Kelly:    Yeah. I needed to put out the manifesto and the theory so you understand how your body is supposed to function theoretically and then how that expresses in these very formal movements like classical ballet. We've just given you the very formal movements of expression of how your body is supposed to work. So you do not talk about doing a push up because you don't pushups, but being able to keep your spine straight and your head in line and have your hands you know it looks like the bottom of Chaturanga in yoga.

    You have to get off the ground with your forearms vertical. Like do that in a position in a way that doesn't hurt your shoulders. Getting up off the ground is not an exercise. That's getting up off the ground.
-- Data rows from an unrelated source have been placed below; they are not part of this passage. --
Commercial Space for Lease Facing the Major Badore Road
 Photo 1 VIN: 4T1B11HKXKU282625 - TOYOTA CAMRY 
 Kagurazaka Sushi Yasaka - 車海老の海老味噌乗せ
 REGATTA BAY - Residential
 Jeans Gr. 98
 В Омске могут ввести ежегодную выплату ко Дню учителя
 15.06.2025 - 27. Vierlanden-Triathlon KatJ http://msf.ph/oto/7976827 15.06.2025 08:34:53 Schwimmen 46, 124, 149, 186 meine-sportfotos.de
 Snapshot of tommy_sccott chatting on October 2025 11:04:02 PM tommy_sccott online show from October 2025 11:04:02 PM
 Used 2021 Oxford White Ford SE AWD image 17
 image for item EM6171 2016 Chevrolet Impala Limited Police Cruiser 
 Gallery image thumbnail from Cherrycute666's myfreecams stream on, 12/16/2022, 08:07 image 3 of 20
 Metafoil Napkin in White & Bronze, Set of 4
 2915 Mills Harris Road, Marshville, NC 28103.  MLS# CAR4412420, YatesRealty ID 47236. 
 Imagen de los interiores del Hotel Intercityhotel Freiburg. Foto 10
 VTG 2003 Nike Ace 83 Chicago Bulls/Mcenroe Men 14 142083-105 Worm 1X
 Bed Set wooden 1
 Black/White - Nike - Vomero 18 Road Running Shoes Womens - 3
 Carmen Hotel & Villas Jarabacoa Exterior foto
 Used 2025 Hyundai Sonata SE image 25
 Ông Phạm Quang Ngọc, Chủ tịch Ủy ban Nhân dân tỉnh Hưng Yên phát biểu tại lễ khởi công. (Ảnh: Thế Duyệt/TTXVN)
But the formal expression of getting up off the ground is a pushup. Does that make sense?

Christopher:    It does, yeah.

Kelly:    And you can change that into the downward dog and you can do Chaturanga and do all these other things, but it's crucial to understand that we have to make the formal standards so that people can see yes or no I can do that. I can't do that. And it's crucial because we have not really nudged the needle on any of the sports injuries. In fact, there are more people exercising today than there ever have been, right, because we're realizing we're not as physical as we used to be.

    We're not engaged in [0:18:11] [Indiscernible] all day long. We need to do this as sort of an antidote to being human, but the problem is we are smoking our shoulders. Hey, I go and swim because it's easy on my back and now I've impinged my shoulder and well I have no idea why and now let me just go down this rabbit hole of seeing physicians and chiros and physios and the thing we want people to do is to be able to take a crack at it and if you have never want to ball or try to open up your hip or understand how stiff thoracic spine affects your behavior or posture or overhead position or your breathing mechanics then shame on you because the problem is we have not been given this as sort of an embodiment of this is the baseline of what it means to be human and to be able to do basic maintenance on myself.

Christopher:    This is a really important point. So I found this with other areas too that there's no one that cares more about this than you do; and although you can get help with it for sure, you can't outsource it completely, like basically it's your responsibility.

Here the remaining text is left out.